L’utilisation de drones pour la pulvérisation de produits agricoles sera aussi renforcée grâce à un financement de Rs 3 millions. Cette technologie permet de réduire les coûts d’application de 30 à 60 % par rapport aux méthodes traditionnelles, tout en augmentant les taux d’extraction de sucre de 7 à 9 kg par tonne de canne, ce qui se traduit par une hausse directe des revenus.
Mais les pilotes souhaitent piloter des drones plus grands pour réaliser des économies d’échelle et attendent une réaction favorable de la part de l’Aviation civile.

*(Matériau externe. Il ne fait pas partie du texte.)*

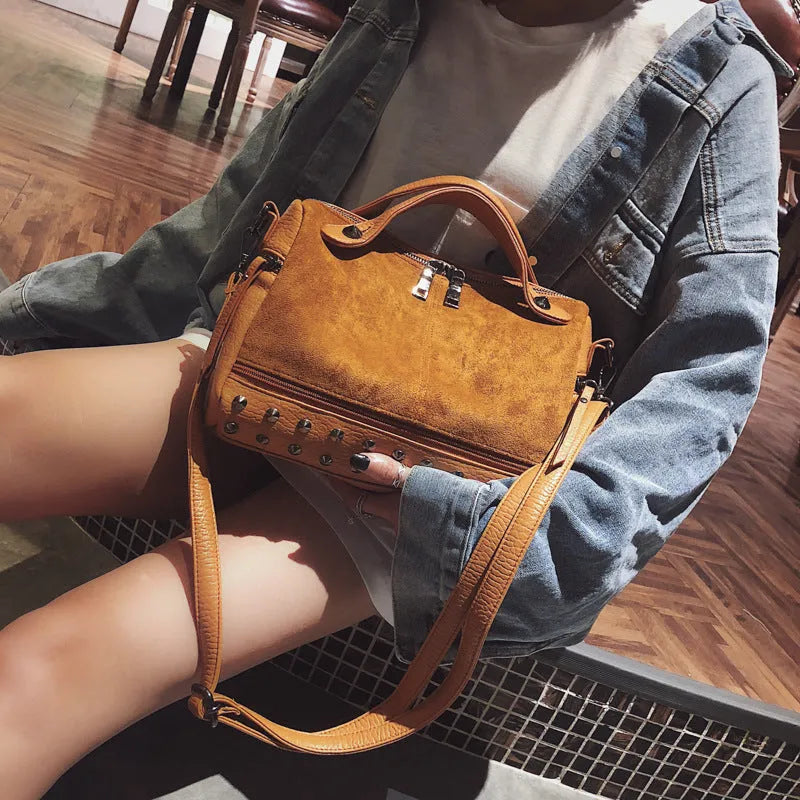 Soft PU leather women's casual tote shoulder bag in a choice of colours.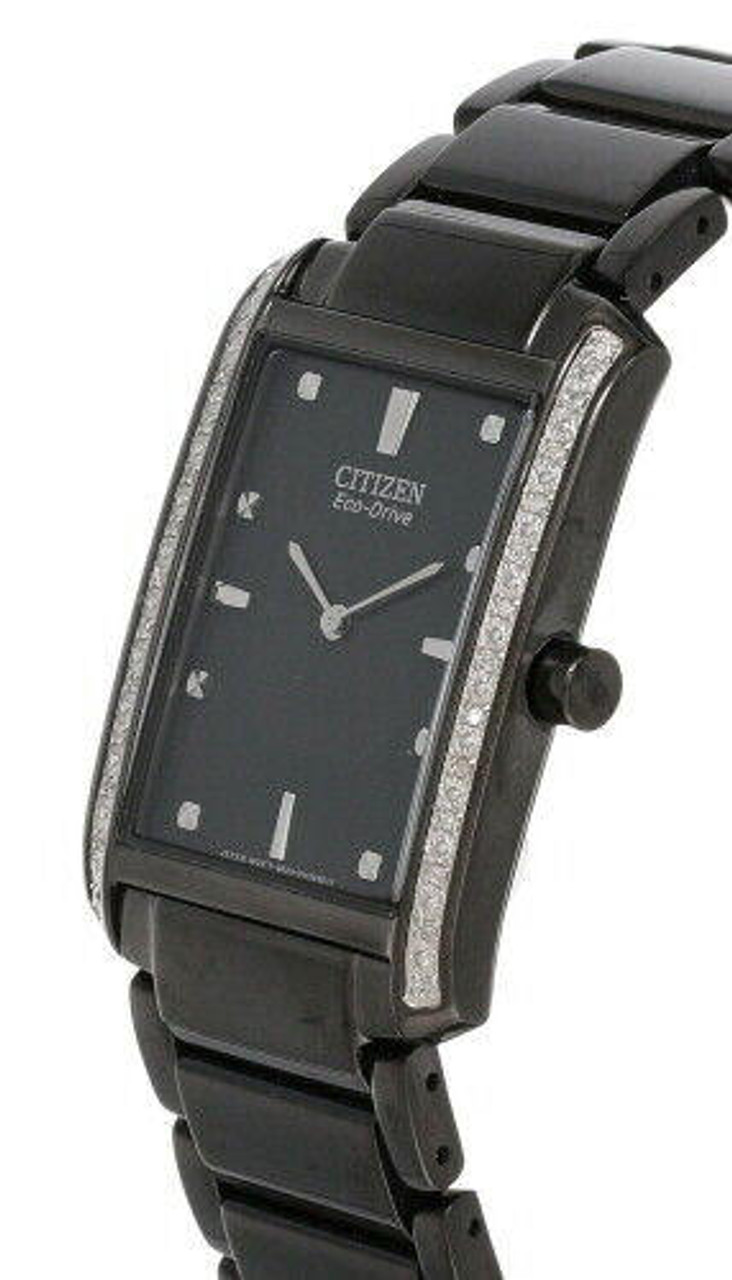 CITIZEN Eco Drive Black Dial Stainless Steel Men's Watch BL6067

Enfin, afin de répondre au manque de main-d’œuvre, le gouvernement finalise actuellement une politique de recrutement de travailleurs et de compétences étrangères. Cette mesure sera mise en œuvre à travers un système simplifié de permis de travail géré par l’Economic Development Board. Environ 1 000 travailleurs étrangers seront recrutés dans un premier temps, dans le cadre d’une collaboration entre mon ministère et la Mauritius Cane Industry Authority.
Le ministère envisage-t-il de revoir les mécanismes de soutien financier (subventions, prix minimum garanti, accès au crédit) afin de redonner confiance aux planteurs ?
Oui, en tenant compte des retours des planteurs et des mesures déjà mises en œuvre dans le cadre du Budget, le gouvernement étudie actuellement des alternatives sous forme de nouveaux schémas adaptés, qui seront proposés dans le cadre du prochain exercice budgétaire. Notre politique est axée sur la performance et les incitations sont en cours de révision afin d’accompagner les planteurs de canne à sucre.
Y a-t-il une volonté d’accélérer la diversification des produits dérivés de la canne (bioénergie, éthanol, sucres spéciaux) pour réduire la dépendance aux fluctuations du marché mondial ?
La diversification de la production sucrière constitue effectivement une priorité stratégique. Nous misons particulièrement sur les sucres à valeur ajoutée, qu’il s’agisse des sucres spéciaux ou du sucre blanc raffiné destiné à des marchés de niche offrant de meilleurs prix. Ces produits représentent déjà plus de 55 % de la production locale, et notre objectif est de continuer à faire croître cette proportion afin de stabiliser les revenus du secteur, tout en réduisant la dépendance aux marchés traditionnels et volatils.
Nous avançons également à grands pas dans la production de rhum de haute qualité, très recherché sur le marché.
Comment le gouvernement compte-t-il s’assurer que la valeur ajoutée générée par l’industrie sucrière bénéficie davantage aux planteurs, et pas uniquement aux grands acteurs du secteur ?
Toutes les recettes issues de la vente du sucre, y compris celles des sucres à valeur ajoutée, sont centralisées par le Mauritius Sugar Syndicate, qui les redistribue ensuite à l’ensemble des producteurs après déduction des frais communs. Ces frais incluent notamment le coût des sacs, le fret maritime, l’entreposage, ainsi que le manufacturing premium versé aux usines et à la raffinerie pour la transformation du sucre brut en sucre blanc ou en sucre spécial.
Cette prime s’explique par les investissements et les coûts opérationnels supplémentaires que nécessite la production de ces sucres spécifiques. Elle est fixée de manière transparente, après validation par le comité du Mauritius Sugar Syndicate, qui regroupe à la fois des représentants des planteurs et des usiniers.
Il est également important de souligner que le ratio de partage entre planteurs et usiniers est de 78 % pour les planteurs et 22 % pour les usiniers. Il s’agit du taux le plus élevé au monde, ce qui montre clairement que nous veillons à ce que les planteurs bénéficient au maximum de la valeur créée par toute la filière.